WHAT IS BEING ASKED: The answer should contain only the lines from the beginning of the entries through the line that holds "серебра 925 пробы", given again exactly, with no pictures.
INFORMATION PROVIDED: Begin
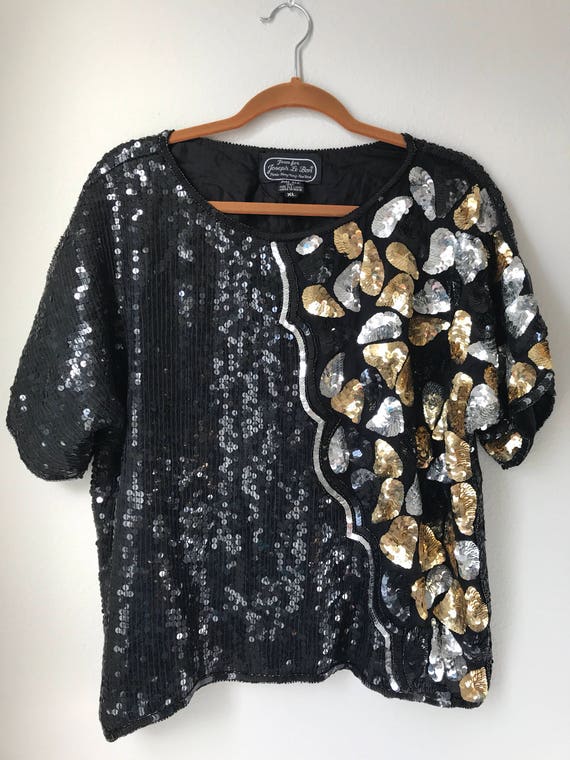 XL Gold silver and black sequin top t-shirt - image 8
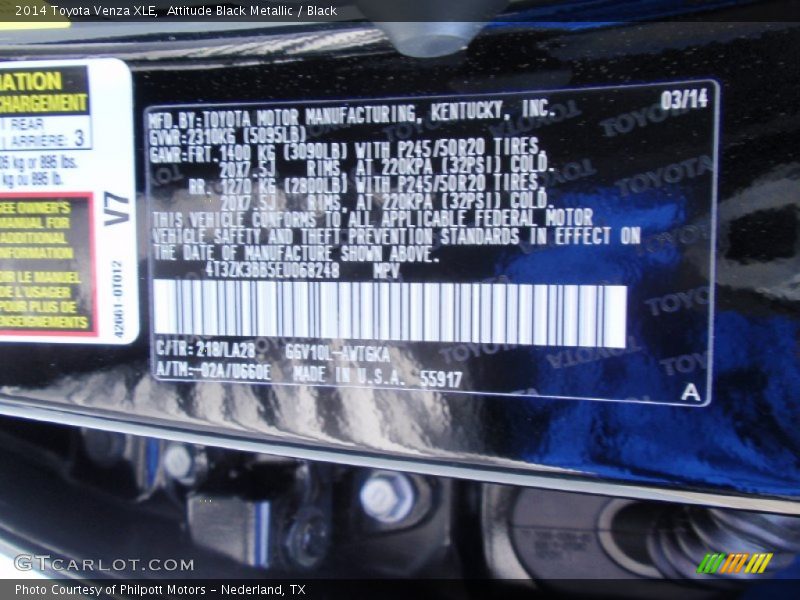 Attitude Black Metallic / Black 2014 Toyota Venza XLE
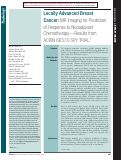 Cover page: Locally Advanced Breast Cancer: MR Imaging for Prediction of Response to Neoadjuvant Chemotherapy—Results from ACRIN 6657/I-SPY TRIAL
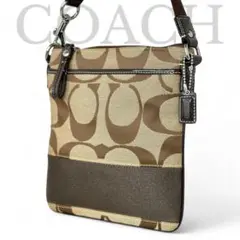 【美品】コーチ　COACH シグネチャー ショルダーバッグ　斜め掛け　サコッシュ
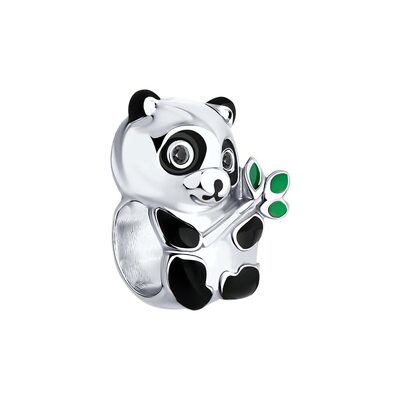 Подвеска "Панда" с фианитами и эмалью из серебра 925 пробы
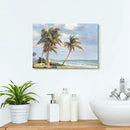 cozy country Palm Tree Wall Art 16"x11" - Coastal Pictures Beach Canvas Ocean Decor - Nautical Artwork Seascape Painting for Bathroom, Bedroom, Sea House by CozyNest Decor
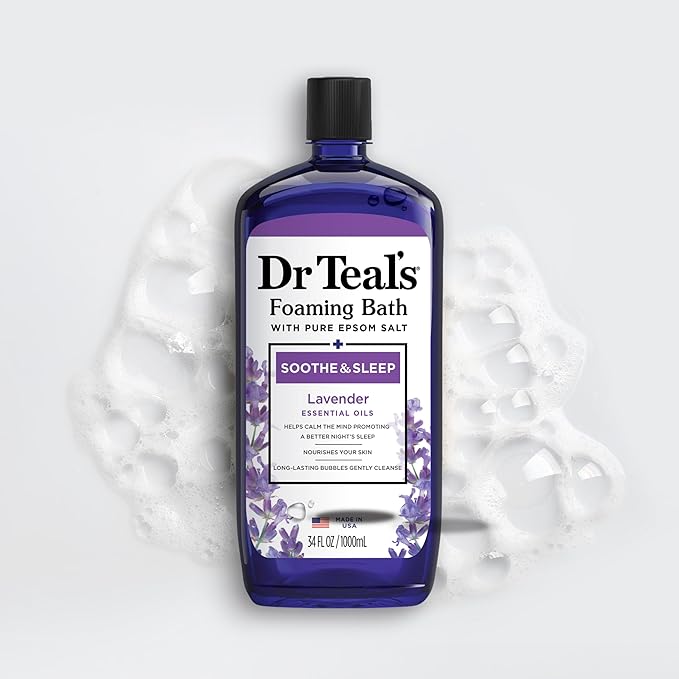 Dr Teal's Foaming Bath with Pure Epsom Salt, Soothe & Sleep with Lavender, 34 fl oz (Pack of 4)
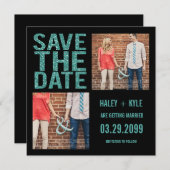 黒とターコイズのグリッター日付の写真カードを保存 招待状 (正面/裏面)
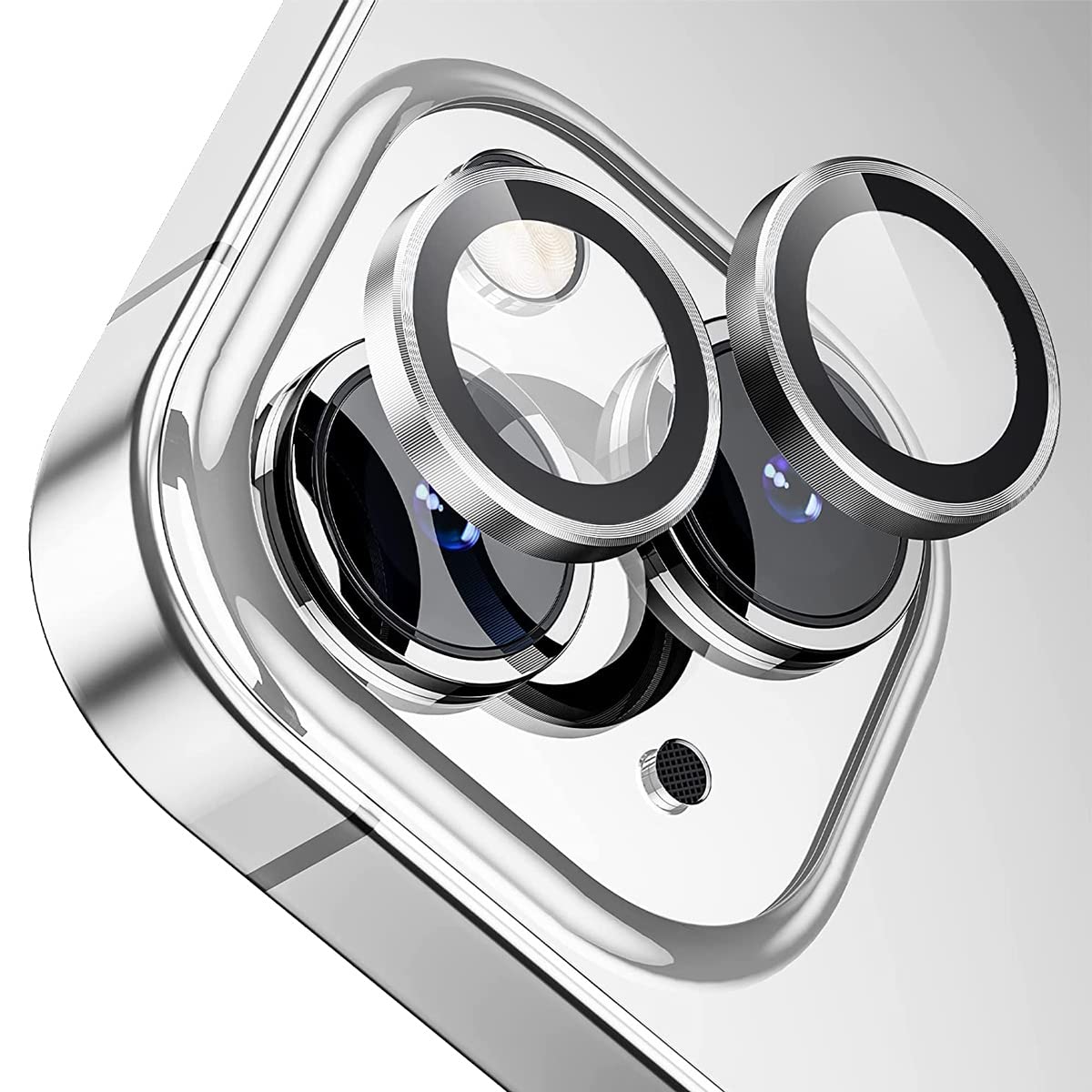 BUFF LABS iPhone 15/15 Plus Screen Protector 9H Safir Cam Kamera Metal Lens Koruyucu (Gümüş)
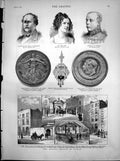 Old Print Medas Silver Wedding German Imperials Murder League Dublin1883 19th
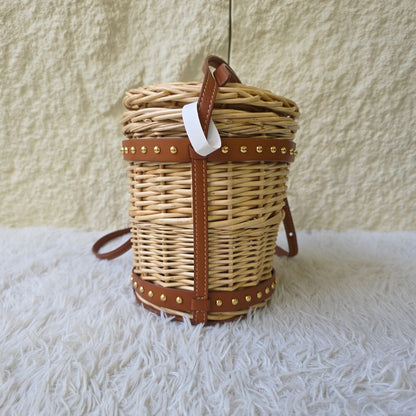 Celine Tan Wicker Basket Crossbody Bag (Pre-Owned)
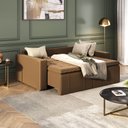 Ver imagem 3 de Sofá Cama Retrátil e Reclinável 3 Lugares 200cm em Veludo Palmeira CabeCasa MadeiraOriginals Marrom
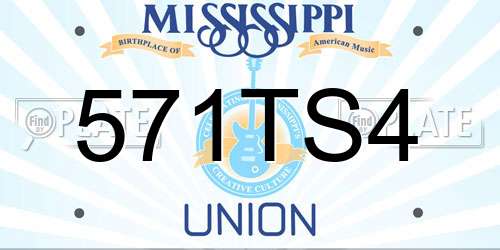 571TS4 Mississippi License Plate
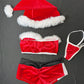 Red Velvet/White Mesh Tube Top/Shorts & Hat Christmas Lingerie Outfit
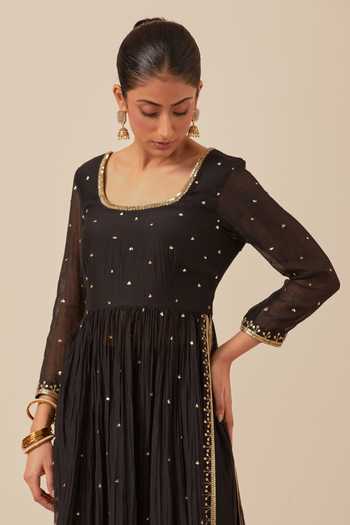 Ikshita Choudhary Black Chanderi, Tissue, Organza Sequins, Embroidery Scoop Neck Anarkali Pant Set at Aza Fashions Ikshita Choudhary_Black Chanderi, Tissue, Organza Sequins, Embroidery Scoop Neck Anarkali Pant Set _at_Aza_Fashions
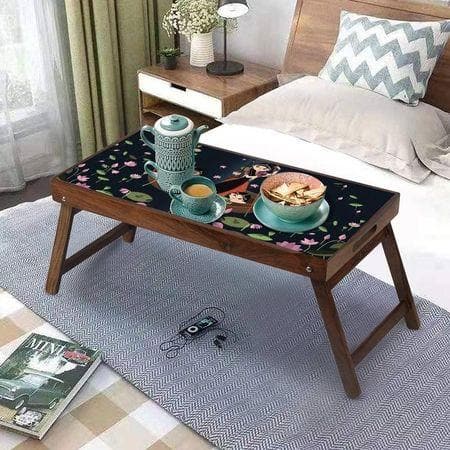 Three Amigas Solid Wood Breakfast Table/Tray In Multicolour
INFORMATION PROVIDED: End
RESULT BELOW:
 XL Gold silver and black sequin top t-shirt - image 8
 Attitude Black Metallic / Black 2014 Toyota Venza XLE
 Cover page: Locally Advanced Breast Cancer: MR Imaging for Prediction of Response to Neoadjuvant Chemotherapy—Results from ACRIN 6657/I-SPY TRIAL
 【美品】コーチ　COACH シグネチャー ショルダーバッグ　斜め掛け　サコッシュ
 Подвеска "Панда" с фианитами и эмалью из серебра 925 пробы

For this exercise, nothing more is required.